Roger Federer: “L’eleganza deve prevalere sulla forza”

Quino Petit per “El Pais” pubblicato da “La Repubblica” (traduzione di Luis E. Moriones)

Il sei luglio scorso il tennista serbo Novak Djokovic sollevava tra i singhiozzi lo splendente trofeo da vincitore di Wimbledon e al microfono diceva, tra il serio e il faceto: «Grazie per avermi permesso di vincere, oggi». Il destinatario del messaggio, un sorridente Roger Federer, era a pochi metri da lui e teneva tra le mani il trofeo del finalista.

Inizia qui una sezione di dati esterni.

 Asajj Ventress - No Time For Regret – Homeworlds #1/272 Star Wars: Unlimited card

Indossava un completo bianco immacolato, quasi nessuna traccia di sudore, dopo ore estenuanti di gioco in cui aveva dato un esibizione di classicismo che aveva costretto il suo avversario a giocare un combattutissimo quinto set nell’ultima finale del torneo di tennis più prestigioso del mondo.

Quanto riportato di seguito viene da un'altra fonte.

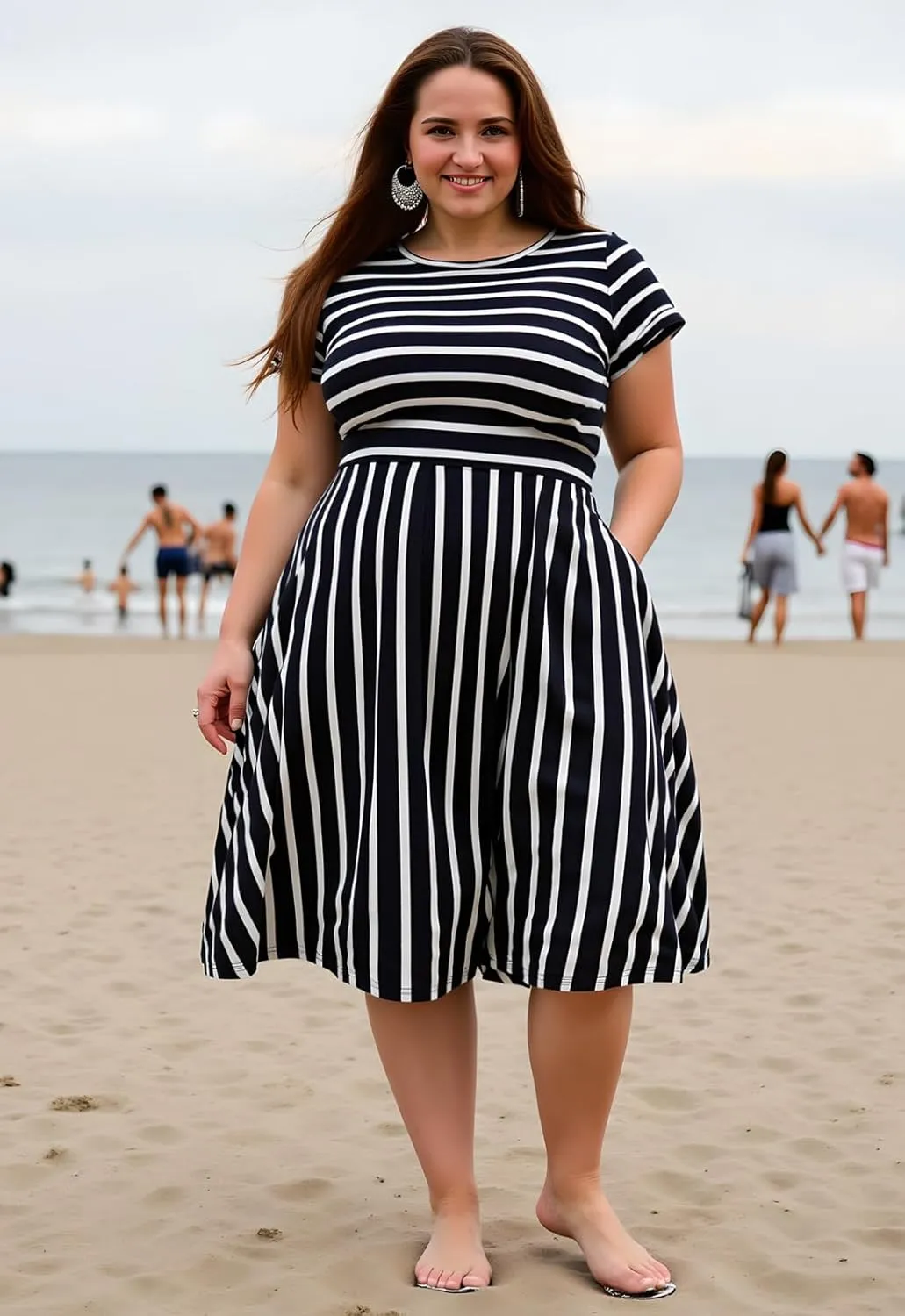 Nemidor Plus Size Casual Dresses for Curvy Women Summer Short Sleeve Fit and Flare Midi Swing Dress with Pocket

«Per questo vanta diciassette vittorie nei tornei Grand Slam, e per questo è stato il miglior giocatore di tutti i tempi», proseguiva Djokovic rendendo onore al suo avversario, sette volte vincitore di Wimbledon. Federer annuiva. Aveva appena dimostrato al mondo, con una sconfitta di stretta misura all’ultimo set, perché a trentatré anni appena compiuti e dopo sedici da professionista, continua a essere uno dei re di questo sport. E probabilmente l’ultimo esponente dell’eleganza nel tennis.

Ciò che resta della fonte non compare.